First Division—Acanthopterygii Perciformes.

Body more or less compressed, elevated or oblong, but not elongate; the vent is remote from the extremity of the tail, behind the ventral fins if they are present. No prominent anal papilla. No superbranchial organ. Dorsal fin or fins occupying the greater portion of the back; spinous dorsal well developed, generally with stiff spines, of moderate extent, rather longer than, or as long as, the soft; the soft anal similar to the soft dorsal, of moderate extent or rather short. Ventrals thoracic, with one spine and with four or five rays.

First Family—Percidæ.

The scales extend but rarely over the vertical fins, and the lateral line is generally present, continuous from the head to the caudal fin. All the teeth simple and conical; no barbels. No bony stay for the præoperculum.

A large family, represented by numerous genera and species in fresh waters, and on all the coasts of the temperate and tropical regions. Carnivorous.

Fossil Percoids abound in some formations, for instance, at Monte Bolca, where species of Labrax, Lates, Smerdis and Cyclopoma (both extinct), Dules, Serranus, Apogon, Therapon, and Pristipoma have been recognised. Paraperca is a genus recently discovered in the Marles of Aix-en-Provence.

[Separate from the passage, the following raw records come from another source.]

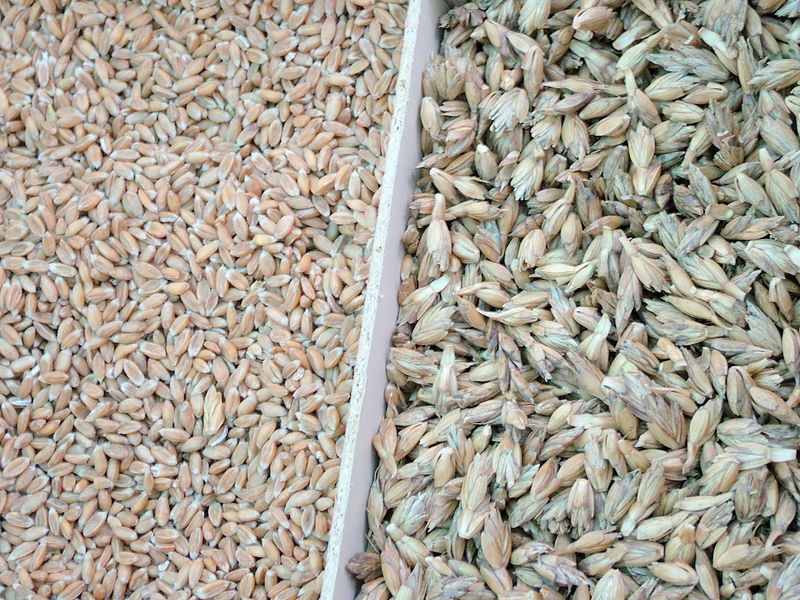 Oats and Grains and Barley Grow
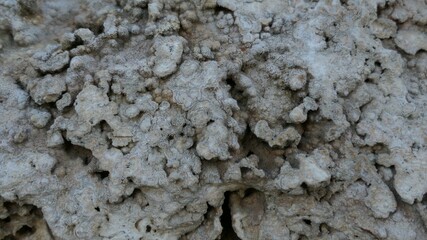 texture of lime stone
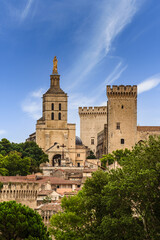 Fototapeta na wymiar Avignon Cathedral and Palais des Papes. Historical cityscape in France.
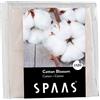 Spaas 24 Candele profumate in Cera - Fiore di Cotone, Beige, Cotton Blossom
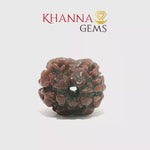 Load and play video in Gallery viewer, 2 MUKHI NEPALI RUDRAKSHA (PREMIUM)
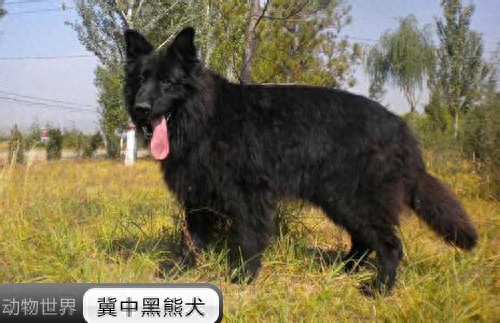 中国亟待拯救的本土犬种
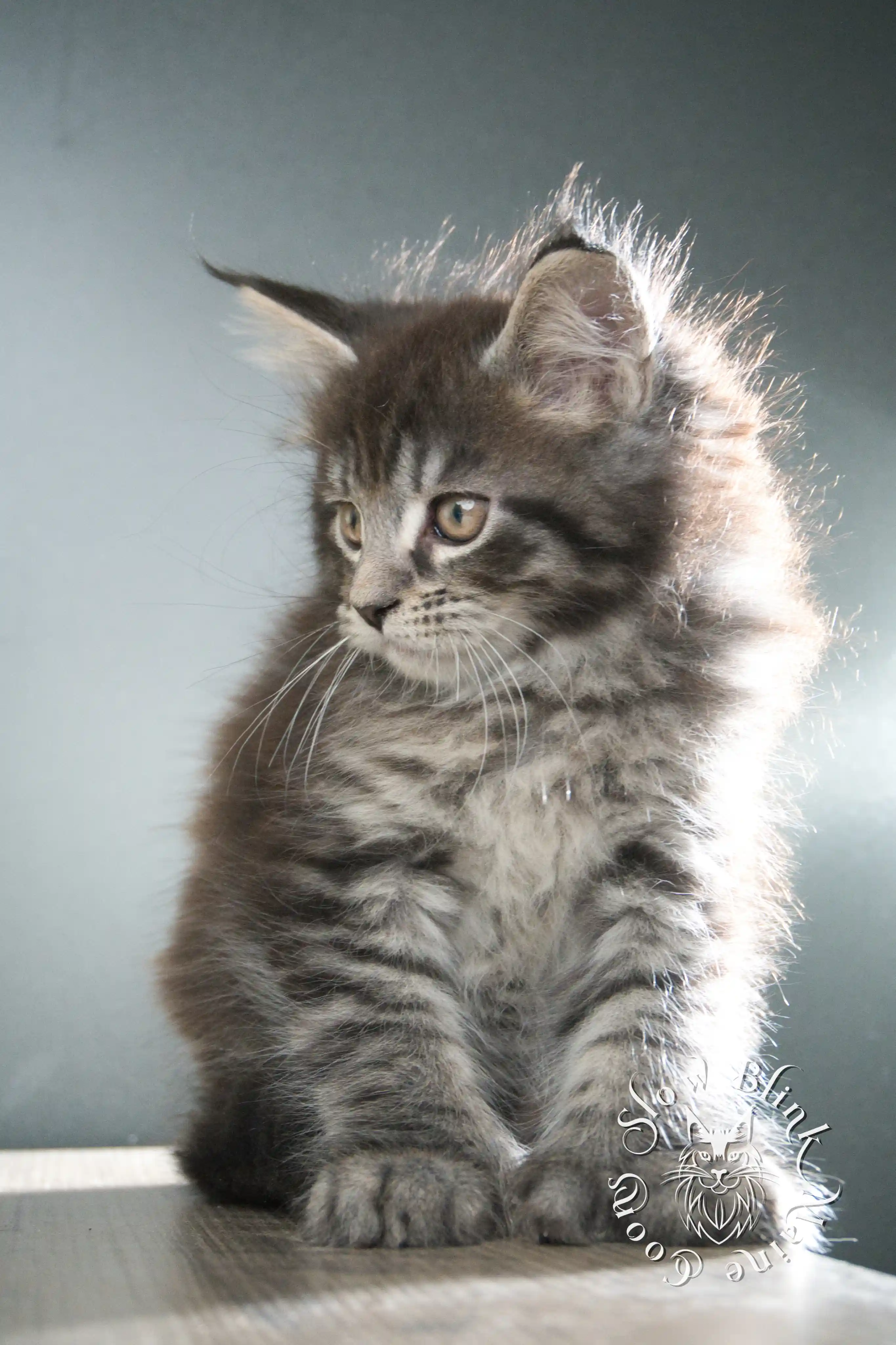 Black Tabby Maine Coon Kittens > black tabby maine coon kitten | male | age 8 weeks | classic tabby | ems code n 22 | slowblinkmainecoons | taken aug 2024 | polydactyl | 7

A species of Perca is known from the freshwater deposit of Oeningen.

Perca.—All the teeth are villiform, without canines; teeth on the palatine bones and vomer; tongue toothless. Two dorsal fins, the first with thirteen or fourteen spines; anal fin with two spines. Præoperculum and præorbital serrated. Scales small; head naked above. Branchiostegals seven. Vertebræ more than twenty-four.

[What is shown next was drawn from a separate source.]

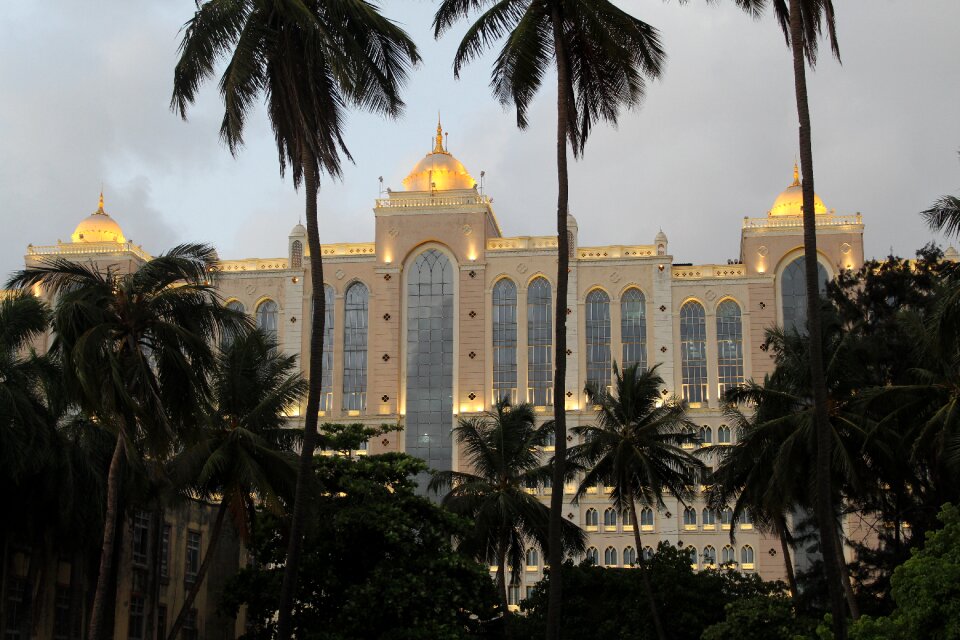 India saifee hospital
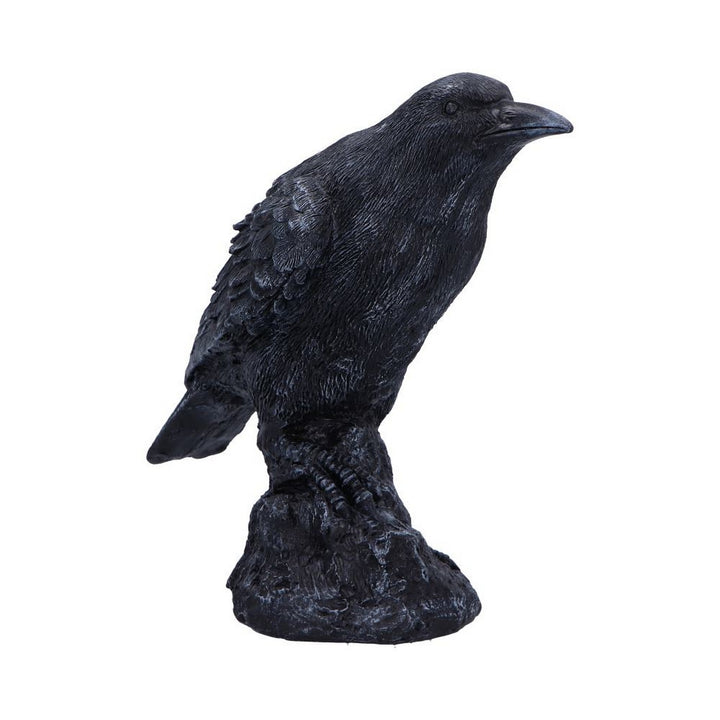 Raven Messenger Figurine 25cm D6688A24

The “Freshwater Perch” (Perca fluviatilis) is too familiarly known to require description. It is generally distributed over Europe and Northern Asia; and equally common in North America, there being no sufficient ground for separating specifically the specimens of the Western Hemisphere. It frequents especially still waters, and sometimes descends into brackish water. Its weight does not seem to exceed 5 lbs. The female deposits her ova, united together by a viscid matter, in lengthened or net-shaped bands, on waterplants. The number of the eggs of one spawn may exceed a million. Two other species, P. gracilis, from Canada, and P. schrenckii, from Turkestan, have been distinguished, but they are very imperfectly known. An allied genus is Siniperca, from Northern China.

Fig. 151.—Perca fluviatilis, the Perch.